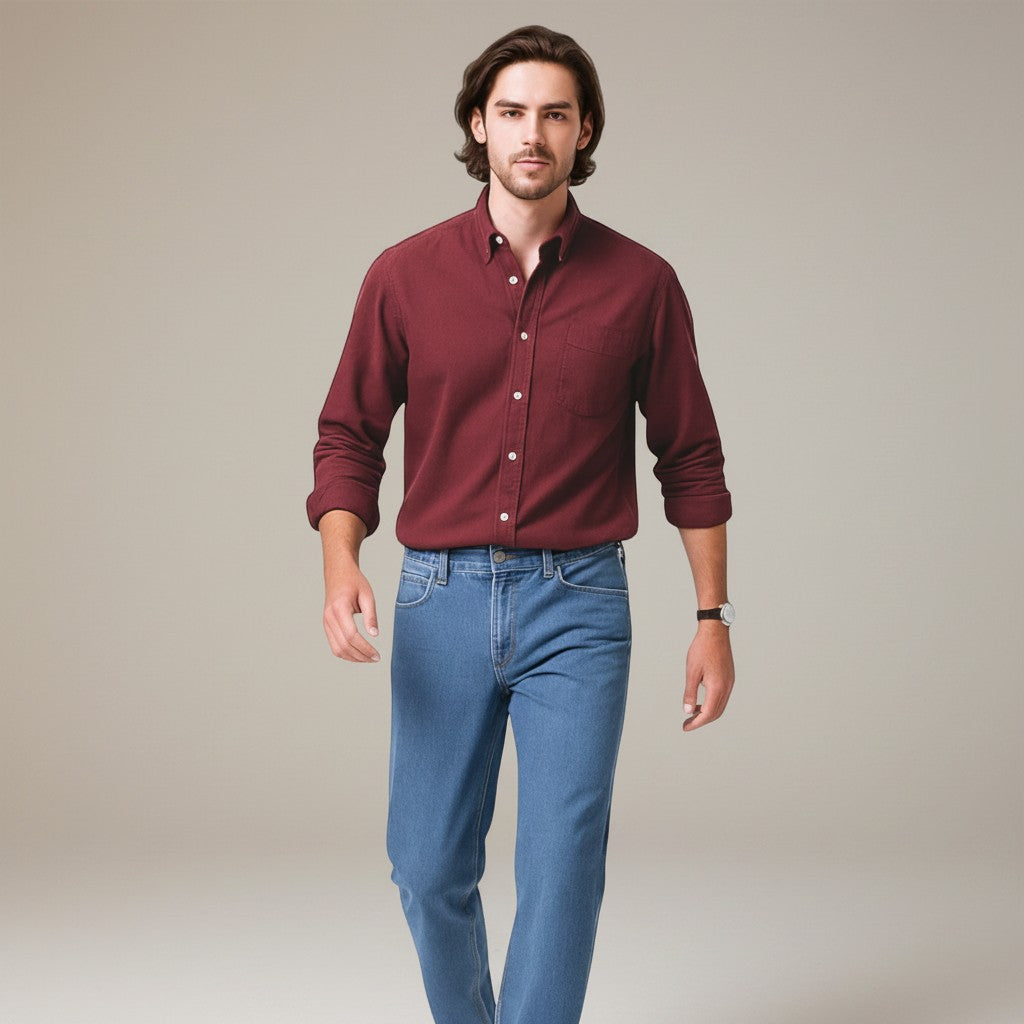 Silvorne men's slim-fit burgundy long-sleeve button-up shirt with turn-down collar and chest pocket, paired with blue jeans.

--

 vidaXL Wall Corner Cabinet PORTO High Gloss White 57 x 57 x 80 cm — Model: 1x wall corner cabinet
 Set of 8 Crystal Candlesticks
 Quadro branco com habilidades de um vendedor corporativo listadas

--

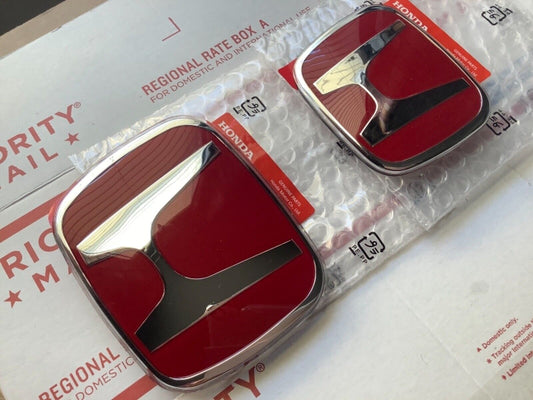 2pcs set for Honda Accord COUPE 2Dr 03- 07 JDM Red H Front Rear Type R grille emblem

[EXERCISE INSTRUCTIONS]: The entries above hold the needed span. Transcribe exactly the lines from the one with "Set of 8 Crystal Candlesticks" to the one with "Quadro branco com", both included.

[EXPECTED ANSWER]:
 Set of 8 Crystal Candlesticks
 Quadro branco com habilidades de um vendedor corporativo listadas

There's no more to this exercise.